Once a full dental is complete, unless your pet receives careful attention at home, signs of disease may soon reappear. If plaque and tartar are again allowed to build-up on the gums and teeth, infection recurs. The goal of home care is to prevent the build-up of plaque and tartar and thus decrease the number of harmful bacteria in the mouth.

 

What are the consequences if dental disease is left untreated?

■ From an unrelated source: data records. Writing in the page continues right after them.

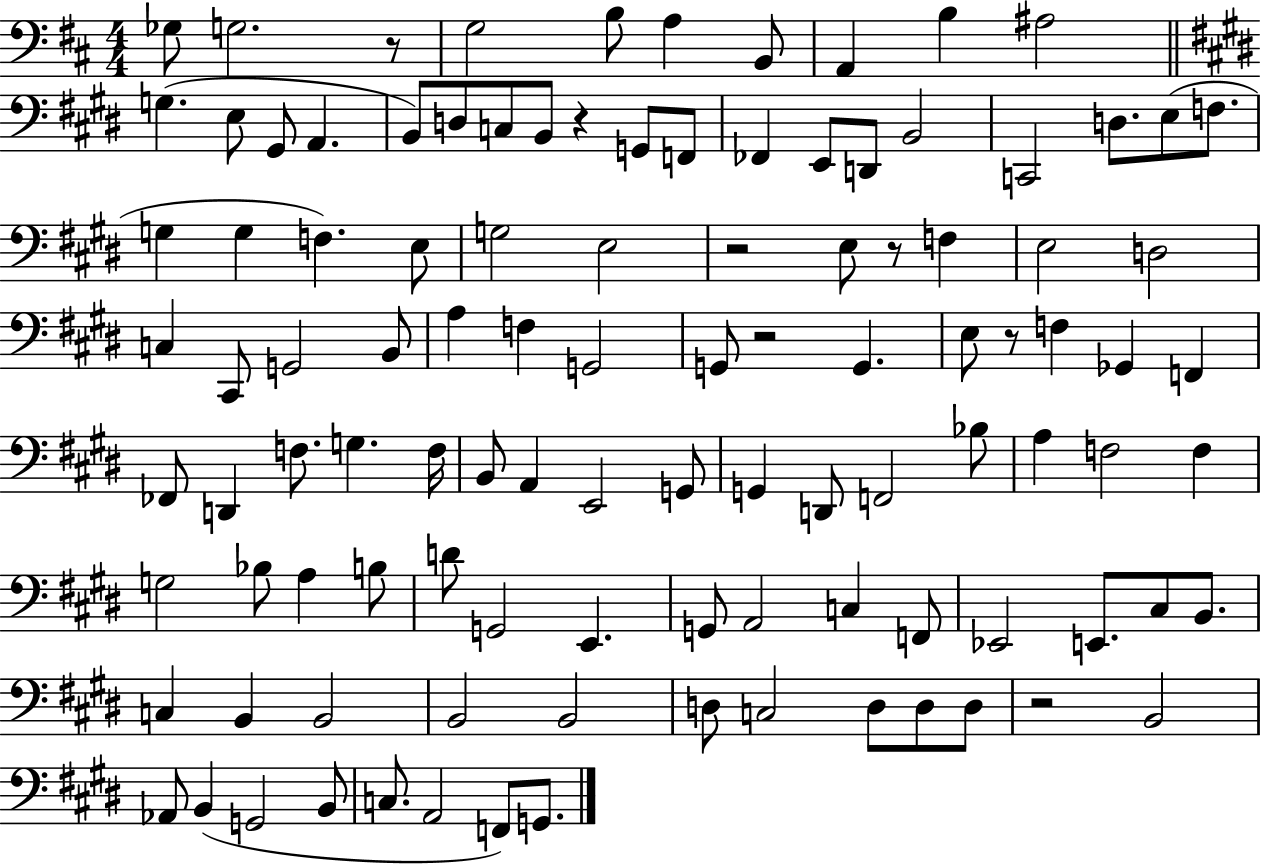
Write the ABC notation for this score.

X:1
T:Untitled
M:4/4
L:1/4
K:D
_G,/2 G,2 z/2 G,2 B,/2 A, B,,/2 A,, B, ^A,2 G, E,/2 ^G,,/2 A,, B,,/2 D,/2 C,/2 B,,/2 z G,,/2 F,,/2 _F,, E,,/2 D,,/2 B,,2 C,,2 D,/2 E,/2 F,/2 G, G, F, E,/2 G,2 E,2 z2 E,/2 z/2 F, E,2 D,2 C, ^C,,/2 G,,2 B,,/2 A, F, G,,2 G,,/2 z2 G,, E,/2 z/2 F, _G,, F,, _F,,/2 D,, F,/2 G, F,/4 B,,/2 A,, E,,2 G,,/2 G,, D,,/2 F,,2 _B,/2 A, F,2 F, G,2 _B,/2 A, B,/2 D/2 G,,2 E,, G,,/2 A,,2 C, F,,/2 _E,,2 E,,/2 ^C,/2 B,,/2 C, B,, B,,2 B,,2 B,,2 D,/2 C,2 D,/2 D,/2 D,/2 z2 B,,2 _A,,/2 B,, G,,2 B,,/2 C,/2 A,,2 F,,/2 G,,/2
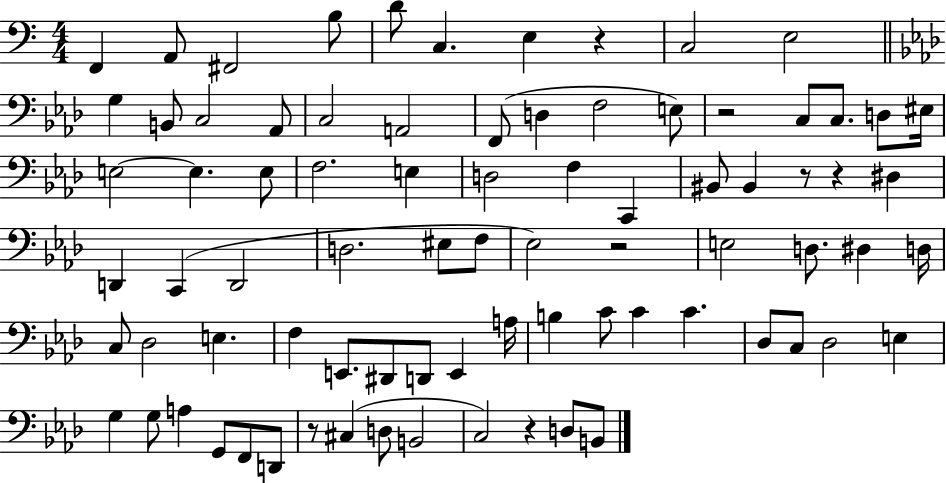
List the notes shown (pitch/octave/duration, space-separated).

F2/q A2/e F#2/h B3/e D4/e C3/q. E3/q R/q C3/h E3/h G3/q B2/e C3/h Ab2/e C3/h A2/h F2/e D3/q F3/h E3/e R/h C3/e C3/e. D3/e EIS3/s E3/h E3/q. E3/e F3/h. E3/q D3/h F3/q C2/q BIS2/e BIS2/q R/e R/q D#3/q D2/q C2/q D2/h D3/h. EIS3/e F3/e Eb3/h R/h E3/h D3/e. D#3/q D3/s C3/e Db3/h E3/q. F3/q E2/e. D#2/e D2/e E2/q A3/s B3/q C4/e C4/q C4/q. Db3/e C3/e Db3/h E3/q G3/q G3/e A3/q G2/e F2/e D2/e R/e C#3/q D3/e B2/h C3/h R/q D3/e B2/e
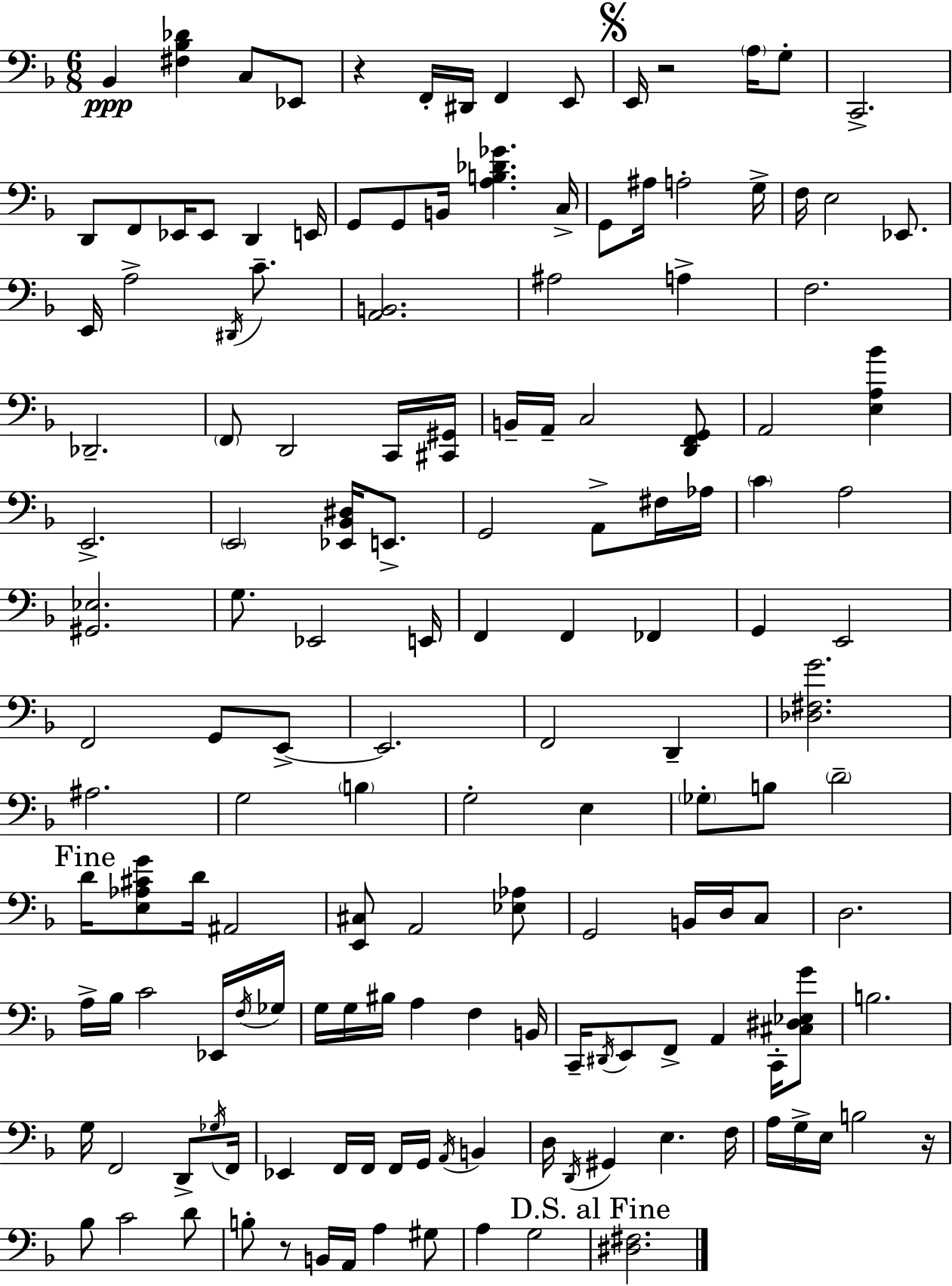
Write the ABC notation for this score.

X:1
T:Untitled
M:6/8
L:1/4
K:F
_B,, [^F,_B,_D] C,/2 _E,,/2 z F,,/4 ^D,,/4 F,, E,,/2 E,,/4 z2 A,/4 G,/2 C,,2 D,,/2 F,,/2 _E,,/4 _E,,/2 D,, E,,/4 G,,/2 G,,/2 B,,/4 [A,B,_D_G] C,/4 G,,/2 ^A,/4 A,2 G,/4 F,/4 E,2 _E,,/2 E,,/4 A,2 ^D,,/4 C/2 [A,,B,,]2 ^A,2 A, F,2 _D,,2 F,,/2 D,,2 C,,/4 [^C,,^G,,]/4 B,,/4 A,,/4 C,2 [D,,F,,G,,]/2 A,,2 [E,A,_B] E,,2 E,,2 [_E,,_B,,^D,]/4 E,,/2 G,,2 A,,/2 ^F,/4 _A,/4 C A,2 [^G,,_E,]2 G,/2 _E,,2 E,,/4 F,, F,, _F,, G,, E,,2 F,,2 G,,/2 E,,/2 E,,2 F,,2 D,, [_D,^F,G]2 ^A,2 G,2 B, G,2 E, _G,/2 B,/2 D2 D/4 [E,_A,^CG]/2 D/4 ^A,,2 [E,,^C,]/2 A,,2 [_E,_A,]/2 G,,2 B,,/4 D,/4 C,/2 D,2 A,/4 _B,/4 C2 _E,,/4 F,/4 _G,/4 G,/4 G,/4 ^B,/4 A, F, B,,/4 C,,/4 ^D,,/4 E,,/2 F,,/2 A,, C,,/4 [^C,^D,_E,G]/2 B,2 G,/4 F,,2 D,,/2 _G,/4 F,,/4 _E,, F,,/4 F,,/4 F,,/4 G,,/4 A,,/4 B,, D,/4 D,,/4 ^G,, E, F,/4 A,/4 G,/4 E,/4 B,2 z/4 _B,/2 C2 D/2 B,/2 z/2 B,,/4 A,,/4 A, ^G,/2 A, G,2 [^D,^F,]2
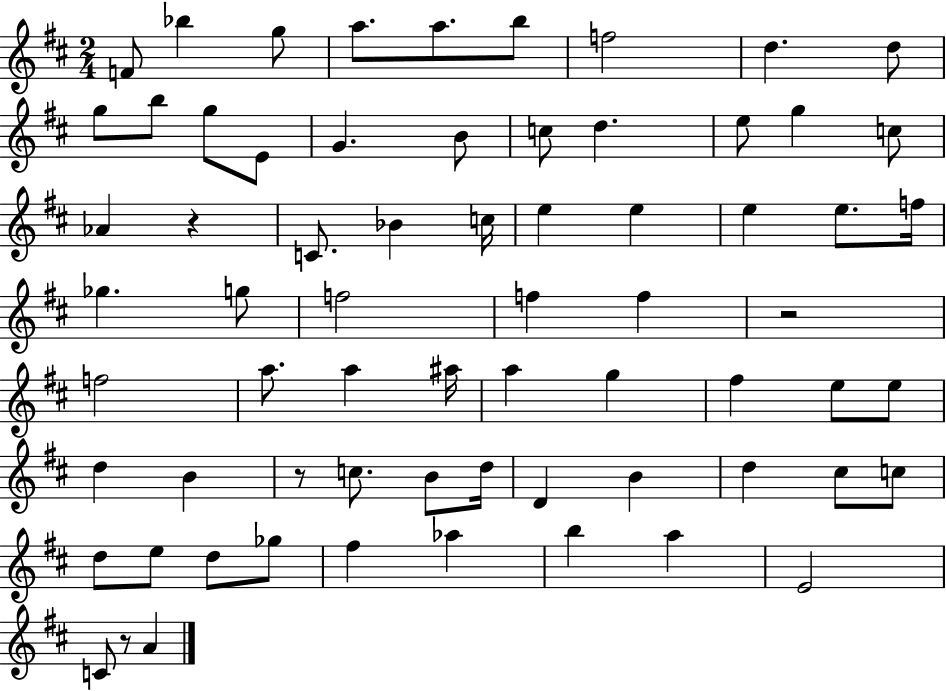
F4/e Bb5/q G5/e A5/e. A5/e. B5/e F5/h D5/q. D5/e G5/e B5/e G5/e E4/e G4/q. B4/e C5/e D5/q. E5/e G5/q C5/e Ab4/q R/q C4/e. Bb4/q C5/s E5/q E5/q E5/q E5/e. F5/s Gb5/q. G5/e F5/h F5/q F5/q R/h F5/h A5/e. A5/q A#5/s A5/q G5/q F#5/q E5/e E5/e D5/q B4/q R/e C5/e. B4/e D5/s D4/q B4/q D5/q C#5/e C5/e D5/e E5/e D5/e Gb5/e F#5/q Ab5/q B5/q A5/q E4/h C4/e R/e A4/q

If left untreated, periodontal disease can eventually result in the loss of teeth, chronic gum and jaw bone infections and generalised debilitation of an animal. Infections that establish in the mouth can invade surrounding bone as well as the sockets of teeth. These same infections can spread through your pet's blood into other parts of the body causing problems elsewhere: heart disease; kidney disease, joint disease, tonsillitis, gum disease, loss of teeth; loss of jaw bone density; pain on opening the mouth and chewing; lung infections and generalised debilitation, lethargy and listlessness.

 

Animals that suffer from immunoincompetence caused by diseases like Feline Immunodeficiency Virus, Feline Leukaemia Virus or a wide range of autoimmune diseases; as well as pets on chemotherapy treatment and certain other medications will be even more susceptible to the effects of chronic dental disease and its associated problems cause by infections. 

 

Because the onset of dental problems is often slow, pets may not show symptoms straight away. As symptoms gradually worsen animals may even compensate for the effects of dental disease, masking illness until it's fairly advanced and the animal is quite sick.

 

As part of your pet's yearly check-up we will check your pets' teeth and advise you if there is a problem and what can be done about it. There are some pets who will always have dental problems regardless of what is done for them at home by way of diet, home dental care and good grooming however with the right sorts of management programmes in place we can help you to minimize the problems caused by chronic recurring dental disease.